I saw Jack flinch as a blast of orange sparks poured from a downstairs window. We heard another smash of breaking glass as a window popped out from the heat, followed by the shrieking, tearing sound like an upstairs floor or wall giving way. It could’ve been a beam pulling apart from the rest of the framing, or Erika dying, or just that whole family and their history and everything they’d built and lived for vanishing in front of us. The heat caused its own currents. Wispy funnels of smoke spun around the edges of the fire, then rose into the hot air like ghosts.
“Holy shit,” Jack said. “What the hell—?”
“She thought her brother was inside.”
I turned after I said that in time to see Jack drop to the ground. I had to let go of Audie as I ran over to him. When I was still ten feet off I could see his left arm and ribs oozing blood. Tiny must’ve got off a clear shot after all. Jack opened his eyes as I checked him out.

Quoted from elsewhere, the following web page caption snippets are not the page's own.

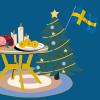 Weihnachten in Schweden wird ausgiebig gefeiert. Alle Infos rund um Traditionen, Essen und Feiertage finden Sie im Artikel. Warum werden in Schweden die Fenster offen gelassen?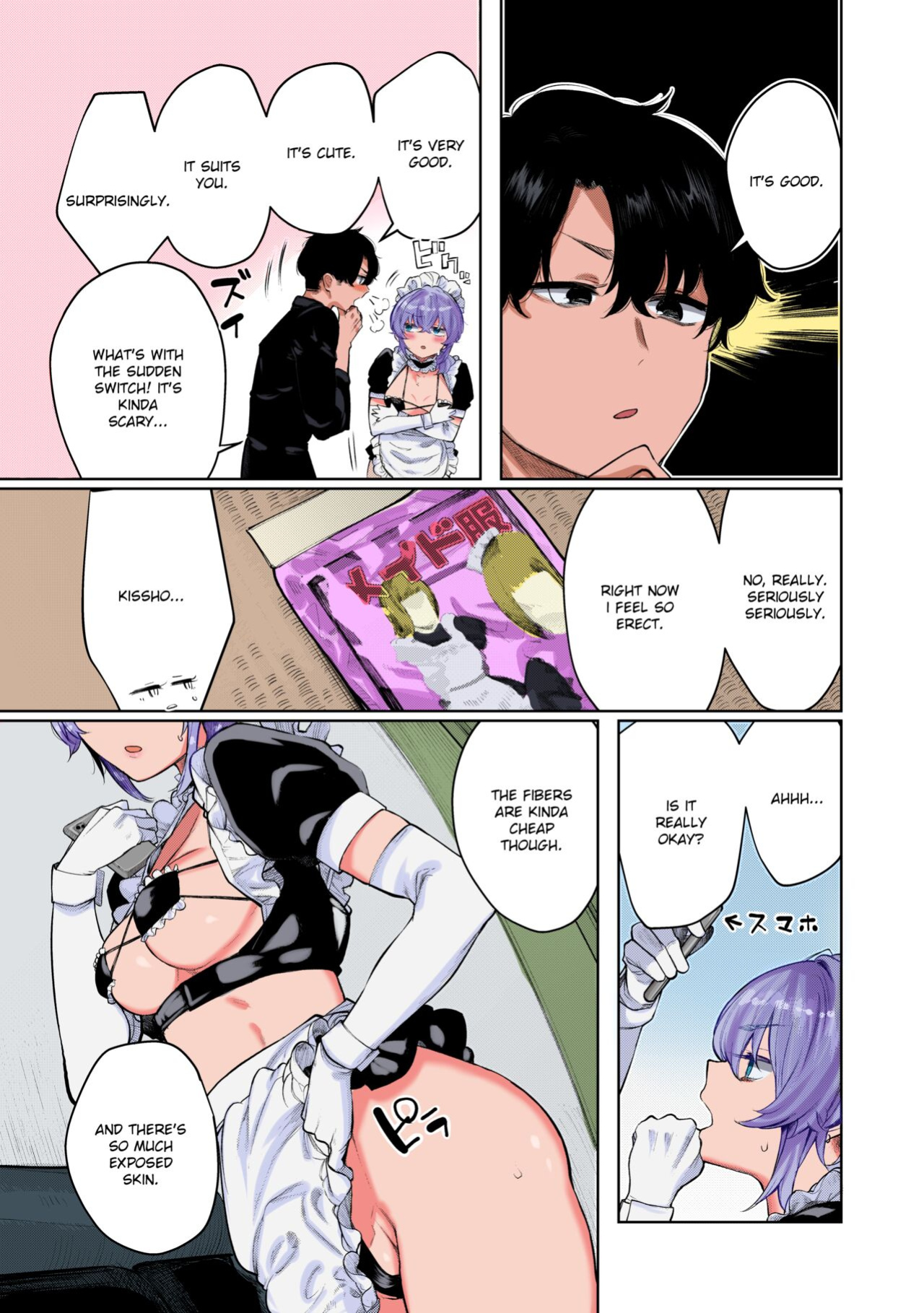 [140km/h (Akagi Asahito)] Furyouppoi Kanojo to Daradara Cosplay kusu. | Cosplay Sex With My Delinquent Looking Girlfriend [CHLOEVEIL] [Colorized]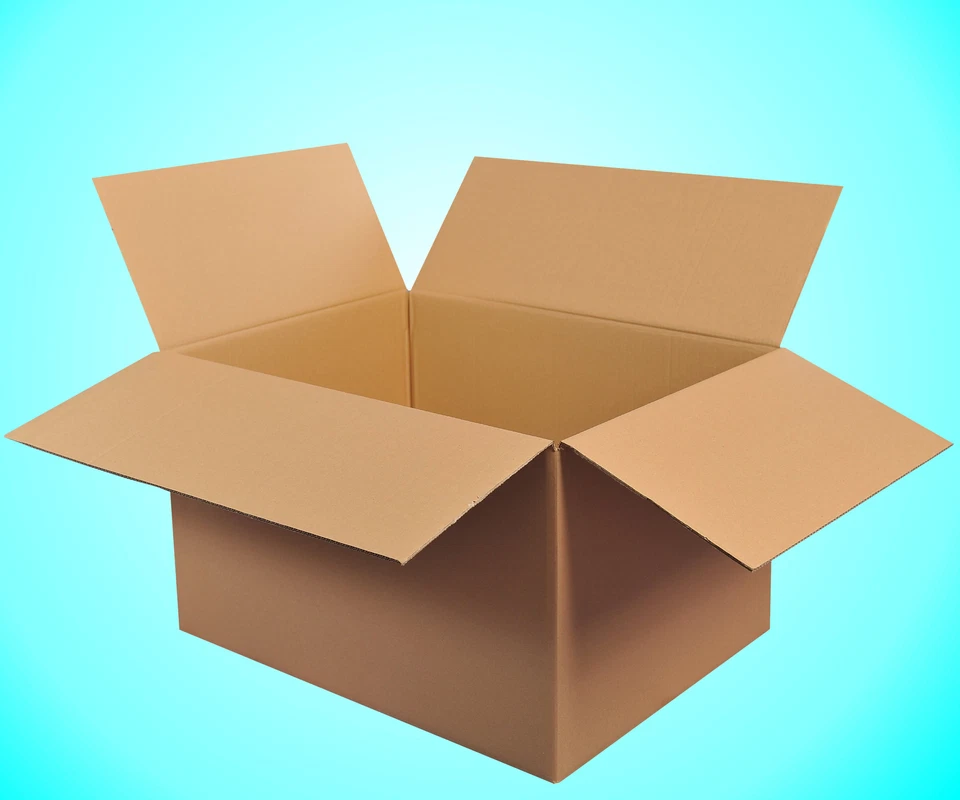 DUMABOX 5St. 800x600x400 Karton Faltkartons Versandkarton 80x60x40 2wellig DHL GLS DPD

“Just a few nicks,” he said. He squirmed to ease the pain. “I know you didn’t want the kid in a crossfire and all, but your dad’s Remington might be a good idea now.” He said it like we were talking over coffee, but he was panting hard. When he coughed, it looked like it about killed him.
“No shit, pal.”
I checked the wounds a second time, then took off my jacket and covered him with it. When I looked to where I’d left Audie, she’d wandered off again. I turned back to Jack. He was holding his left arm with his right hand and staring at movement by the equipment shed.
“She’s over there,” he said.
Headlights popped on behind the shed and began to move.
“Can you hang on another minute?”
Jack nodded. “Go,” he said.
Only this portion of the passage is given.